This paper is organized as follows. Section 2
presents OMG standards, tools and work related to
software modernization, particularly reverse
engineering. Section 3 describes a framework for
architecture-driven reverse engineering. Section 4
presents a study case that shows how to reverse
engineering sequence diagrams from Java code.
Section 5 analyses the obtained results. Finally,
Section 6 presents conclusions and future work.
2 BACKGROUND
Software industry constantly evolves to satisfy new
demands. Nowadays, there is an increased demand
for software migration as well as modernization of
legacy systems that are still business-critical to
extend their useful lifetime. The success of system
modernization depends on the existence of technical
frameworks for information integration and tool
interoperability. In this section, we describe OMG
standards for modernization. Next, we discuss about
languages for model transformation. Finally, we
present work related to software modernization,
particularly reverse engineering.
2.1 Standards for Modernization
The purpose of standardization is to achieve well-
defined interfaces and formats for interchange of
information about software models to facilitate
interoperability between the software modernization
tools and services of the adherents of the standard.
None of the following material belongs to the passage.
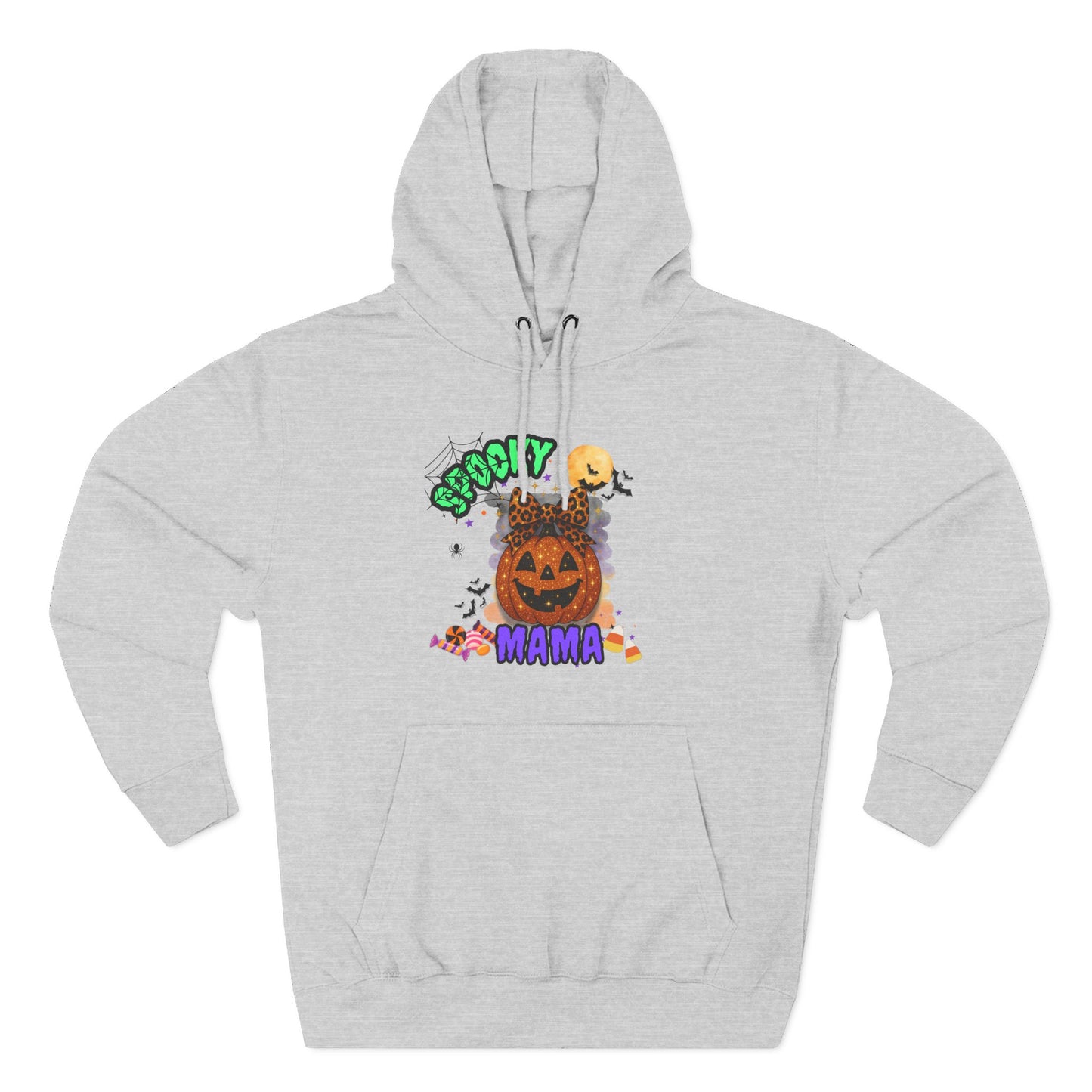 Spooky Mama Halloween Hoodie β Glitter Pumpkin with Leopard Bow, Fun Fall Sweatshirt for Moms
This will enable a new generation of solutions to
benefit the whole industry and encourage
collaboration among complementary vendors.
ADMTF is developing a set of standards of
which we are interested in KDM and ASTM. KDM
is the foundation for software modernization. KDM
represents entire enterprise software systems, not
just code. ASTM is a specification for modeling
elements to express abstract syntax trees (AST).
KDM and ASTM are two complementary modeling
specifications. KDM establishes a specification that
allows representing semantic information about a
software system, whereas ASTM establishes a
specification for representing the source code syntax
by means of AST. ASTM acts as the lowest level
foundation for modeling software within the OMG
ecosystem of standards, whereas KDM serves as a
gateway to the higher-level OMG models.
2.2 Model Transformation Languages
Query/View/Transformation is the OMG standard
language to express transformations on MOF models
(QVT, 2011). CASE tools support QVT or at least,
any of the QVT languages. The MMT (Model-to-
Model Transformation) Eclipse project is a
subproject of the top-level Eclipse Modeling Project
that provides a framework for model-to-model
transformation languages. Transformations are
executed by transformation engines plugged into the
Eclipse Modeling infrastructure. ATL is a model
transformation language and a toolkit that provides
ways to produce a set of target models from a set of
source models (ATL, 2014). To date, ATL is the
most used transformation language due to his
maturity degree. It is worth considering that QVT
declarative is in its “incubation” phase and only
provides editing capabilities.
2.3 Modernization and MoDisco
With the emergence of ADM, new tools need to be
developed. To be ADM compliant, these tools
should provide features such as support for
modeling, interoperability and standardization,
automated transformations for both forward and
reverse engineering, access to the definition of these
transformations and, support for traceability.
Today, the most complete technology that
supports ADM is MoDisco which provides a generic
and extensible framework to facilitate the
development of tools to extract models from legacy
systems and use them on use cases of modernization.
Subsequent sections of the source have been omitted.